Гамлет, который столетиями раньше был молодой Англией, а для Мюссе одно время был молодой Францией, стал в сороковые годы, как предсказывал Бёрне, принятым типом Германии. «Гамлет — это Германия», — пел Фрейлиграт. [1]
Сходные политические условия предопределили то, что фигура Гамлета должна была в тот же период, а двадцать лет спустя — в еще большей степени, доминировать в русской литературе. Его влияние можно проследить от Пушкина и Гоголя до Гончарова и Толстого, и оно фактически пронизывает все творчество Тургенева. Но в этом случае призвание Гамлета к мести упускается из виду; весь упор делается на общем несоответствии между рефлексией и силой действия.
В развитии польской литературы в этом столетии тоже наступило время, когда поэты были склонны говорить: «Мы — Гамлет; Гамлет — это Польша». Мы находим заметные черты его характера к середине века у всех творческих умов Польши: у Мицкевича, у Словацкого, у Красинского. С юности они находились в его положении. Их мир был вывихнут, и его нужно было исправить их слабыми руками. Высокородные и благородные, они чувствуют, подобно Гамлету, весь внутренний огонь и внешнее бессилие своей юности; условия, которые их окружают, для них — один сплошной ужас; они склонны одновременно и к мечтаниям, и к действию, к чрезмерной рефлексии и к безрассудству.
Подобно Гамлету, они видели, как их мать, земля, давшая им жизнь, осквернена переходом под власть королевского грабителя и убийцы. Двор, к которому им порой предлагают доступ, поражает их ужасом, как двор Клавдия поразил датского принца, как двор в «Искушении» Красинского (символическое изображение двора в Санкт-Петербурге) поражает молодого героя поэмы.

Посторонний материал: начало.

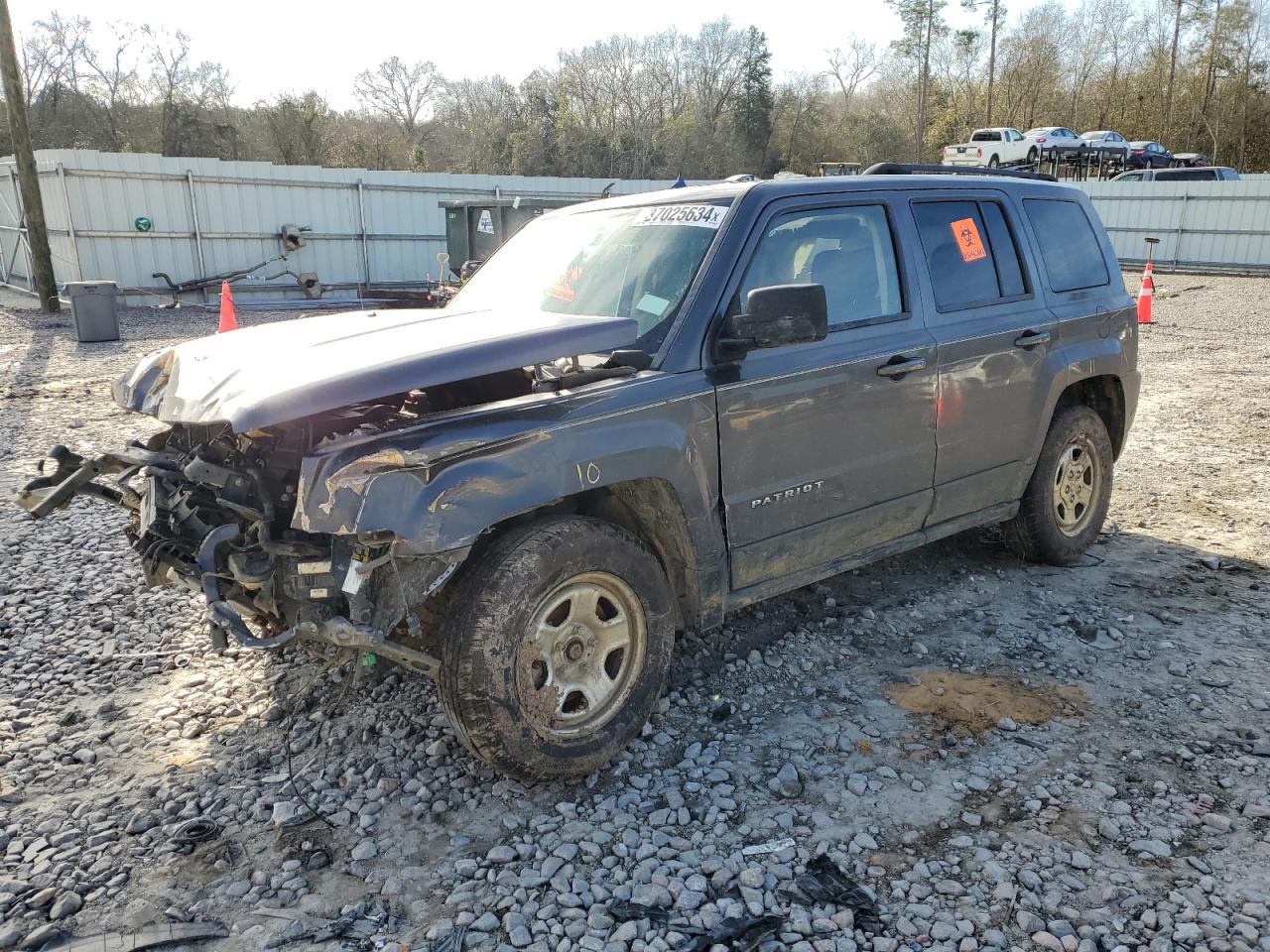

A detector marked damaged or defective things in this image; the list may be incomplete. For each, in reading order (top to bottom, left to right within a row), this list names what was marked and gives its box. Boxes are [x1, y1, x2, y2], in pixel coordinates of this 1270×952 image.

Эти сородичи Гамлета, подобно ему, жестоки к своей Офелии и покидают ее, когда она любит их больше всего; подобно ему, они позволяют отправить себя далеко в чужие края; и когда они говорят, они притворяются, подобно ему, — облекают свой смысл в сравнения и аллегории. То, что Гамлет говорит о себе, применимо к ним: «И все же есть во мне нечто опасное». Их специфически польская характеристика заключается в том, что их изнуряет и тормозит не их рефлексивный, а их поэтический уклон. Рефлексия — вот что губит немца этого типа; дикое распутство — француза; праздность, самоирония и самоотчаяние — русского; но именно воображение сбивает поляка с пути и искушает его жить в отрыве от реальной жизни.

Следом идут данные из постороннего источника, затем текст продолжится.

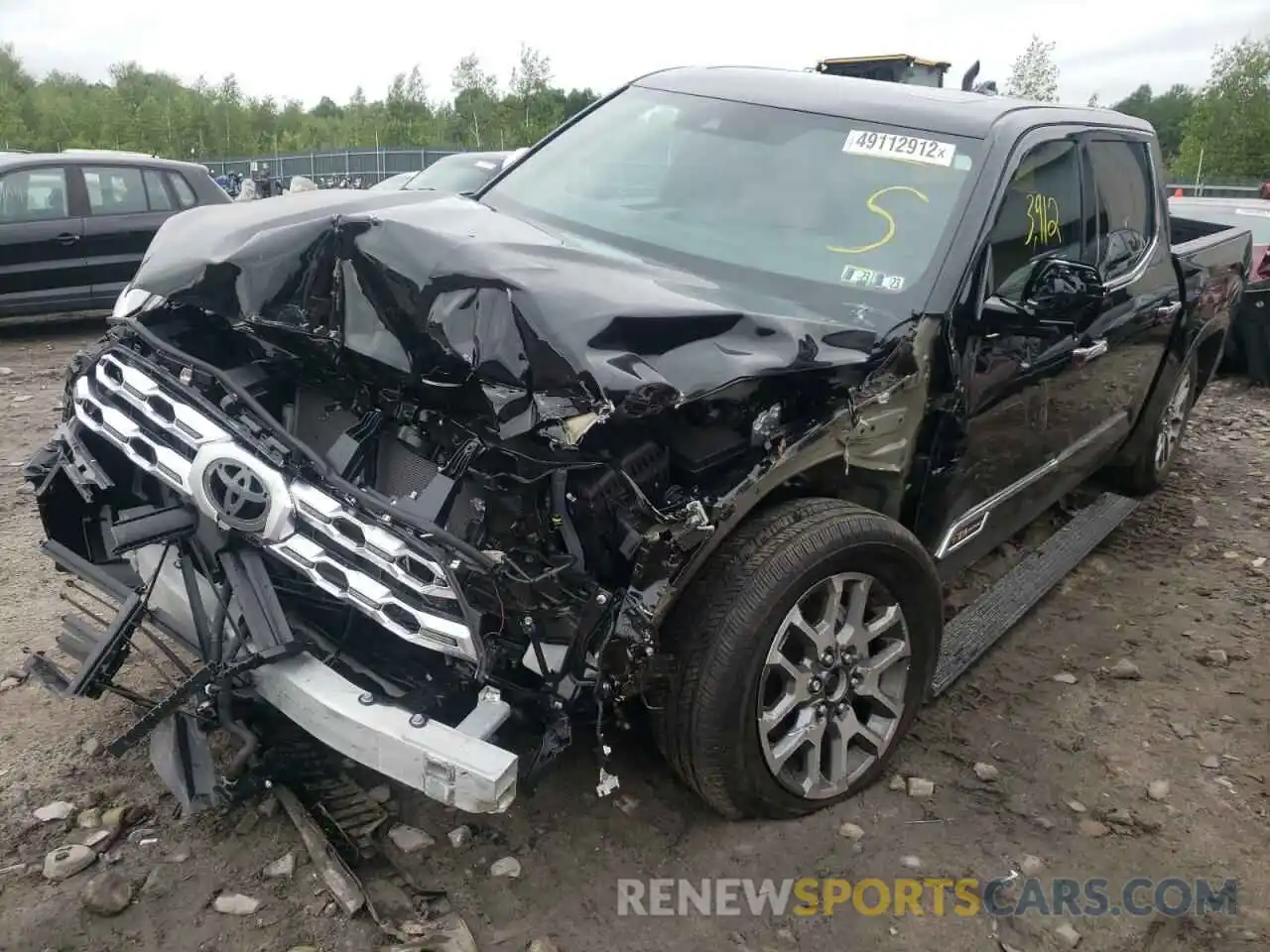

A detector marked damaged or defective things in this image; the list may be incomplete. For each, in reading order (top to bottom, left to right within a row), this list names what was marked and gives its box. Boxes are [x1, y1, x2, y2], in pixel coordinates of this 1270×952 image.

Характер Гамлета представляет множество различных аспектов. Гамлет — сомневающийся; он человек, которого чрезмерная щепетильность или чрезмерное обдумывание обрекают на бездействие; он создание чистого интеллекта, который иногда действует нервно, а иногда слишком нервен, чтобы действовать вообще; и, наконец, он мститель, человек, который притворяется, чтобы его месть была более эффективной. Каждый из этих аспектов развит поэтами Польши. Есть оттенок Гамлета в нескольких творениях Мицкевича — в Валленроде, в Густаве, в Конраде, в Робаке. Густав говорит на языке философского заблуждения; Конрад одержим духом философского раздумья; Валленрод и Робак притворяются или маскируются ради мести, и последний, подобно Гамлету, убивает отца женщины, которую любит. В творчестве Словацкого тип Гамлета занимает гораздо более заметное место. Его Кордиан — это Гамлет, который следует своему призванию мстителя, но не имеет для этого сил. Польская склонность к фантазированию встает между ним и его задуманным тираноубийством. И как Словацкий дает нам радикальный тип Гамлета, так мы находим соответствующего консервативного Гамлета у Красинского. Герой «Небожественной комедии» Красинского имеет не одну общую черту с датским принцем. У него гамлетовская чувствительность и сила воображения. Он склонен к монологам и культивирует драму. У него чрезвычайно нежная совесть, но он может совершать самые жестокие поступки. Он наказан за чрезмерную раздражительность своего характера безумием жены, очень похоже на то, как Гамлет своим притворным безумием приводит к настоящему безумию Офелии. Но этот Гамлет поглощен более современным сомнением, чем то, что осаждает его прототип эпохи Возрождения. Гамлет сомневается, является ли дух, по чьему велению он действует, чем-то большим, чем пустой призрак. Когда граф Генрих запирается в «замке Святой Троицы», он не уверен, что сама Святая Троица — не плод воображения.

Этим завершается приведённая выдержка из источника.